Hi, I have trained a classifier with jetson-inference package and exported to onnx file. I am trying to use this with Deepstream. I seem to be able to run deepstream with the config and extracting meta data using pyds.so from the python bindings and through: NvDsFrameMeta->NvDsObjectMeta->NvDsClassifierMeta->NvDsLabelInfo. I have changed the labels file so that it is in the format label1;label2.
However, the results only show label1 with a probability of 1.0 and num_classes=0 from NvDsLabelInfo. Please could you advise, thanks!
Config file:
[property]
gpu-id=0
net-scale-factor=1
onnx-file=models/resnet18.onnx
labelfile-path=labels.txt
force-implicit-batch-dim=0
batch-size=1
# 0=FP32 and 1=INT8 mode 2=FP16
network-mode=2
#classifier
network-type=1
gie-unique-id=1
classifier-threshold=0.5
# process-mode: 2 - inferences on crops from primary detector, 1 - inferences on whole frame
process-mode=1
I am running Deepstream 5.1, Jetpack 4.5.1 on Xavier NX.
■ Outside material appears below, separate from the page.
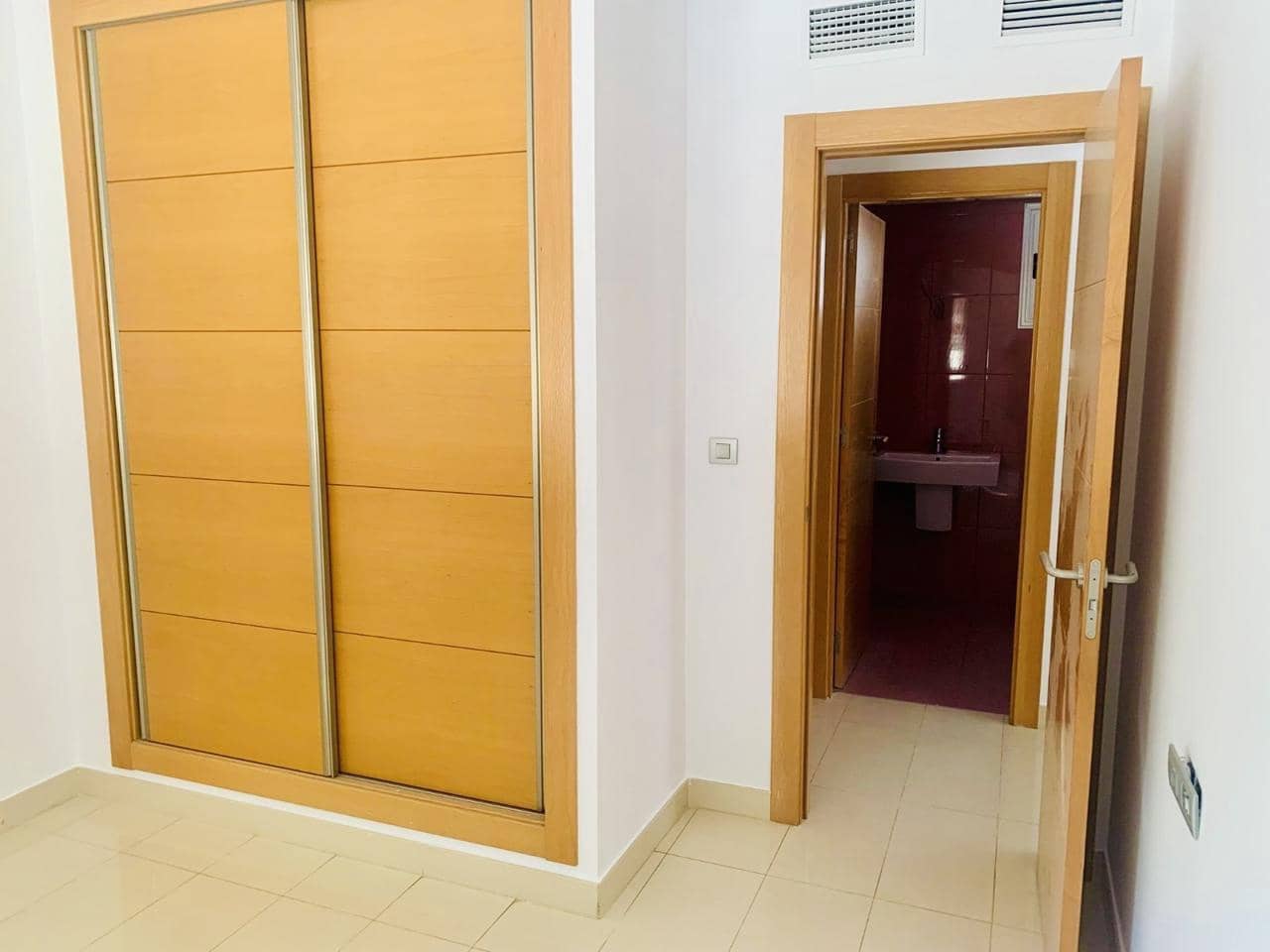 2 sovrum Lägenhet till salu i Benidorm - 215 000 € (Ref: 9780438)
I am also trying to write a custom parser for classification as you have suggested, but using the files at:
/opt/nvidia/deepstream/deepstream/sources/libs/nvdsinfer_customparser
The README suggests that it should also work with Resnet18. Currently, the variables output:
numAttributes: 1
numClasses: 2
This seems ok but printing float probability = outputCoverageBuffer[c] is always 1 or 0.
Hi, after more experimenting, it seems that the net-scale-factor and offset seem to make the outputs more sensitive but still give poor results. I have read the docs and understand what the terms mean, but unsure how to calculate them?